**Exercise goal:** Where the line with "Embossed Eiffel Tower" appears below, start writing out lines exactly, and finish with the line with "13, FOSTER CLARKE", which is included; write out nothing else.

**Stored items from a collection:**

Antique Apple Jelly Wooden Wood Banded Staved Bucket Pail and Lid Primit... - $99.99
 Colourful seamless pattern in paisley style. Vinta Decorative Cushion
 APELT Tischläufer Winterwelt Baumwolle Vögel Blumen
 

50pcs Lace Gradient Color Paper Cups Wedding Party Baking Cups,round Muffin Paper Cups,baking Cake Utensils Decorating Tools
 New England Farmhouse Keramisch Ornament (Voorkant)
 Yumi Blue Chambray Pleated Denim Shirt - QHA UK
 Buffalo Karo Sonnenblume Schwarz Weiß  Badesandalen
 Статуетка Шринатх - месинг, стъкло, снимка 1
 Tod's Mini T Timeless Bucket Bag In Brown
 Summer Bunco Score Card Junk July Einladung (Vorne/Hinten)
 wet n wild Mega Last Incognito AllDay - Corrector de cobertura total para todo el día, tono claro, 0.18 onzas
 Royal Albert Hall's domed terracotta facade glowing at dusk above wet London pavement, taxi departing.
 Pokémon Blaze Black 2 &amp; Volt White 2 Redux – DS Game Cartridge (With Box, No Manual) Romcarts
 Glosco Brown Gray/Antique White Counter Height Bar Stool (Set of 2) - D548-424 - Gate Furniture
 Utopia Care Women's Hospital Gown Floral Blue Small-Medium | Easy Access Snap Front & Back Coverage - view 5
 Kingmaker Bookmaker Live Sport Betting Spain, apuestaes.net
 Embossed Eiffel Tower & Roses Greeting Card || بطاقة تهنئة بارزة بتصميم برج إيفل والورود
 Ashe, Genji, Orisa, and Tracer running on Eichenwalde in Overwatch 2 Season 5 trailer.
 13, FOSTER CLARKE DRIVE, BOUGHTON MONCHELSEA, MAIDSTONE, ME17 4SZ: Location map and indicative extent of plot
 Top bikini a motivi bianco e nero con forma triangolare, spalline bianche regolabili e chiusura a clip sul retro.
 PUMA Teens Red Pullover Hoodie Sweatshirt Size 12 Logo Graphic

**Answer for this exercise:**
 Embossed Eiffel Tower & Roses Greeting Card || بطاقة تهنئة بارزة بتصميم برج إيفل والورود
 Ashe, Genji, Orisa, and Tracer running on Eichenwalde in Overwatch 2 Season 5 trailer.
 13, FOSTER CLARKE DRIVE, BOUGHTON MONCHELSEA, MAIDSTONE, ME17 4SZ: Location map and indicative extent of plot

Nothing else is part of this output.